### Required action:
With the pictures left out, write out exactly the lines of the listing below that run from the line with "18K Gold Plated" through the line with "Turquoise-Colored Beaded Necklace".

### The records:
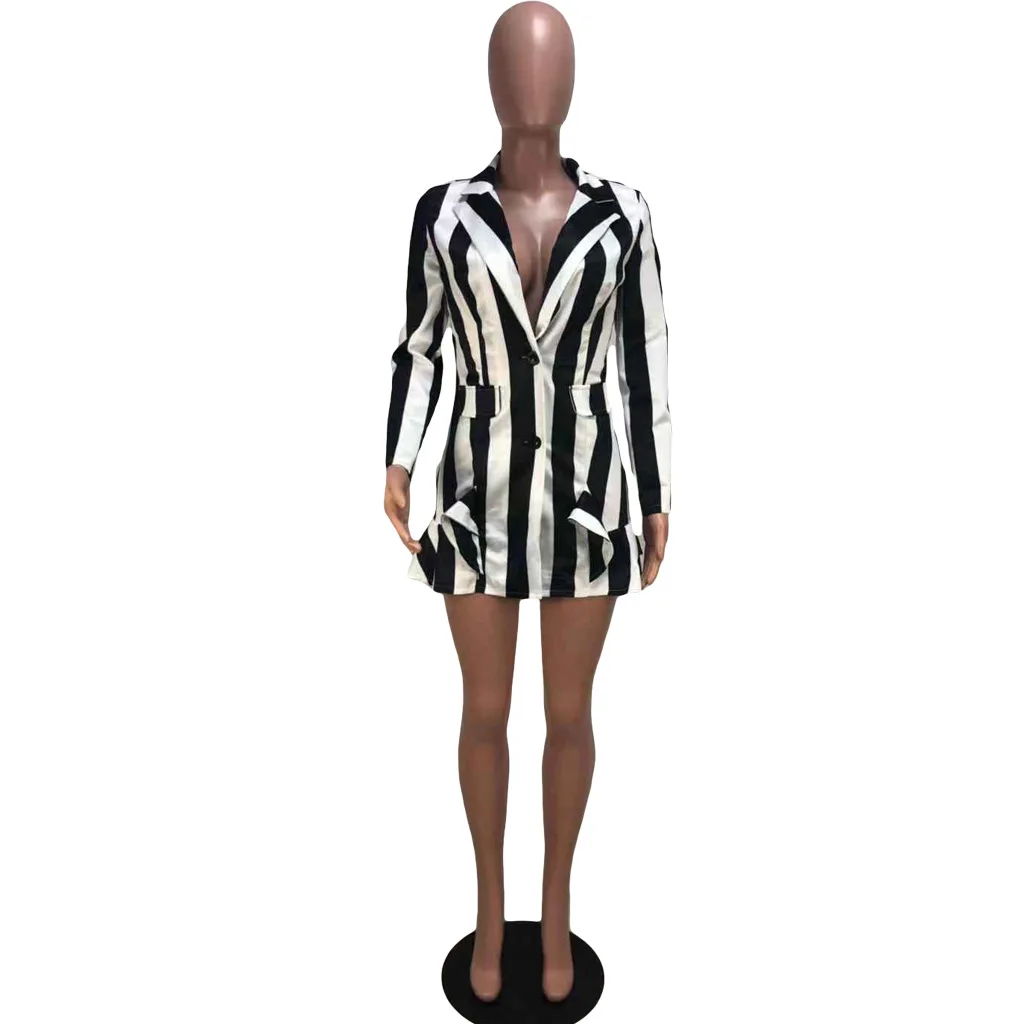 Модное женское Новое Полосатое платье с длинным рукавом и отложным воротником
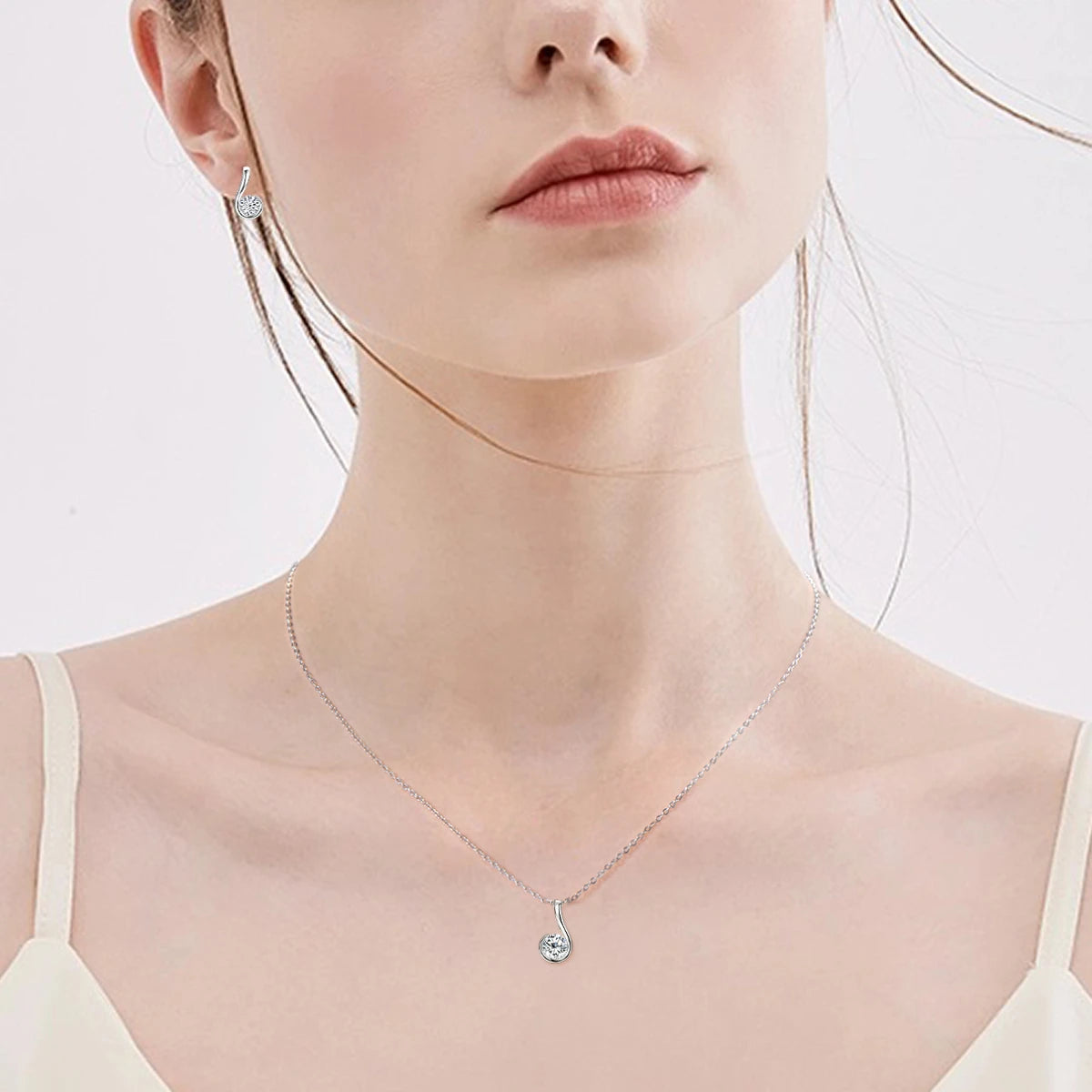 18K Gold Plated 925 Silver Teardrop Pendant Necklace Comma Stud Earrings Certified-losil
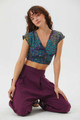 Turquoise Bohemian Short Blouse with V-Neck and Tie Waist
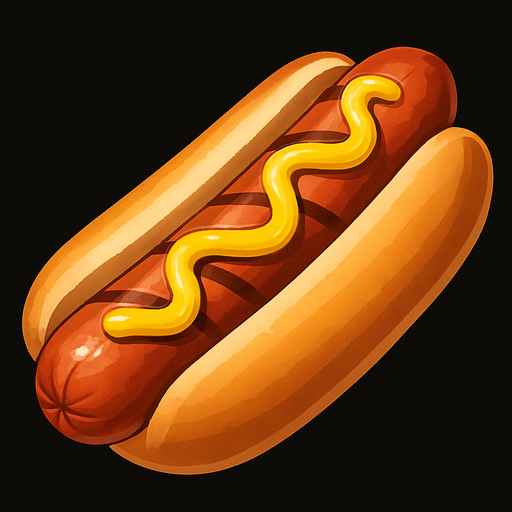 A realistic hotdog.
In-Game asset.  2d.  High contrast.  No shadows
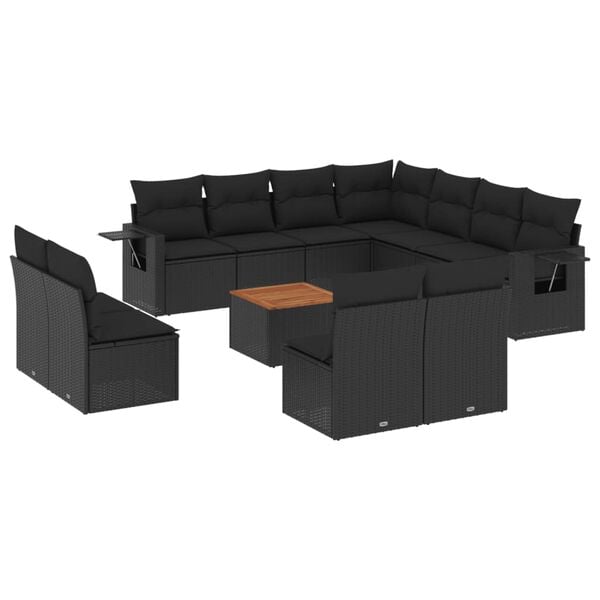 vidaXL Garden Sofa Set Black PE Rattan Large Modular Garden Sofa Set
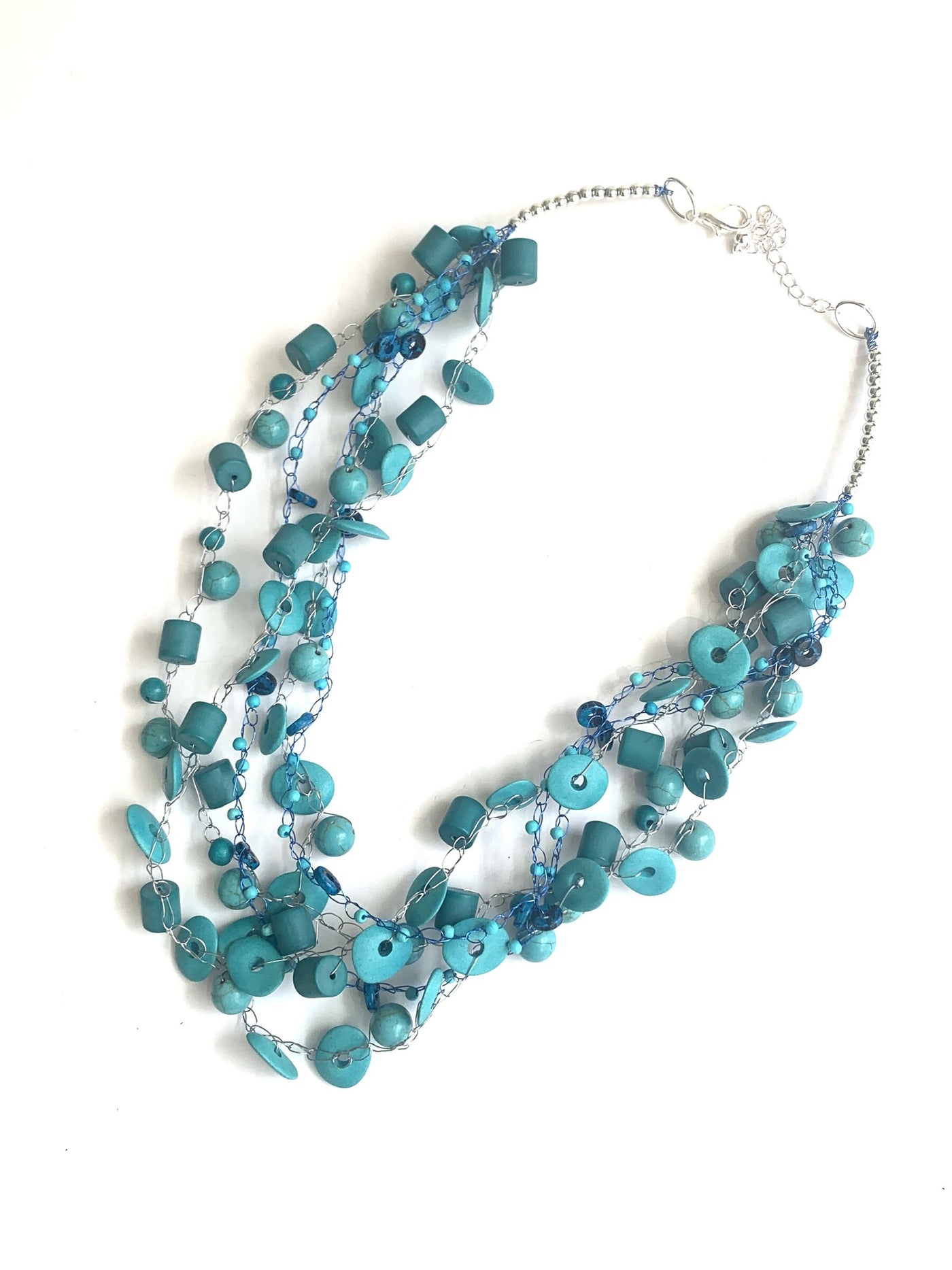 Turquoise-Colored Beaded Necklace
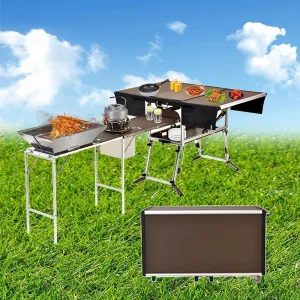 Outdoor Master Cook Station Aluminum Camping Table,Easy Carry Picnic Folding Table with kitchenware and Stove for RV BBQ Cooking Outdoor (Color : Package 4)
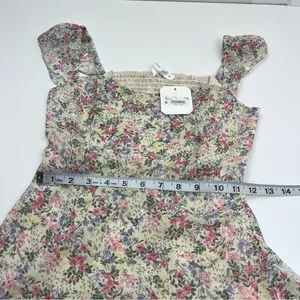 Altar’d State Ivory Multi Floral‎ Dress Women XS Fit & Flare Sheer Coquette NEW thumbnail 8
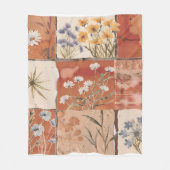 Terracotta Wildflower Patchwork Rustiek Boho Sprin Fleece Deken (Voorkant)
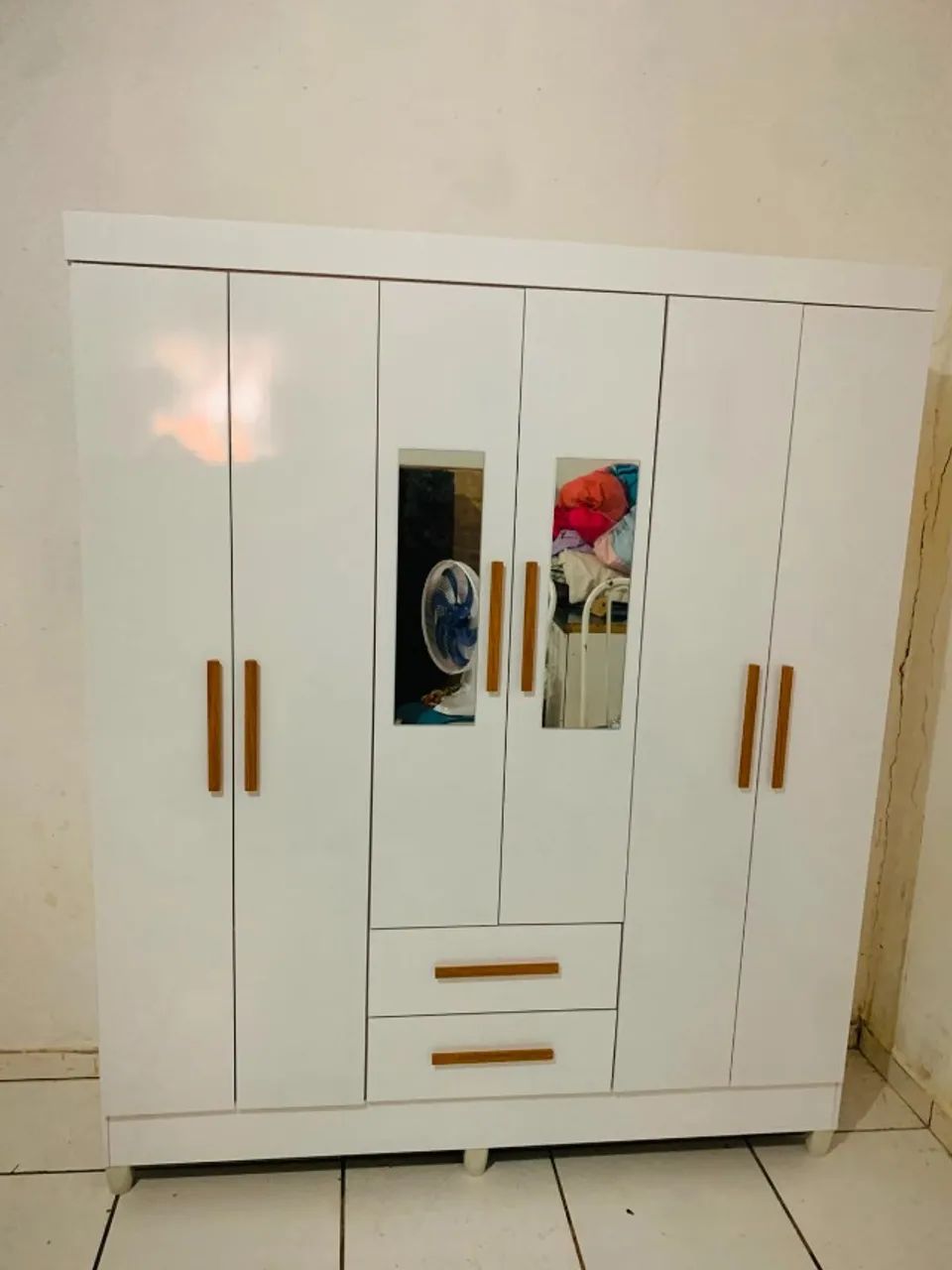 Guarda Roupa Com Espelho Novo + Entrega Grátis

### Solution to this problem:
 18K Gold Plated 925 Silver Teardrop Pendant Necklace Comma Stud Earrings Certified-losil
 Turquoise Bohemian Short Blouse with V-Neck and Tie Waist
 A realistic hotdog.
In-Game asset.  2d.  High contrast.  No shadows
 vidaXL Garden Sofa Set Black PE Rattan Large Modular Garden Sofa Set
 Turquoise-Colored Beaded Necklace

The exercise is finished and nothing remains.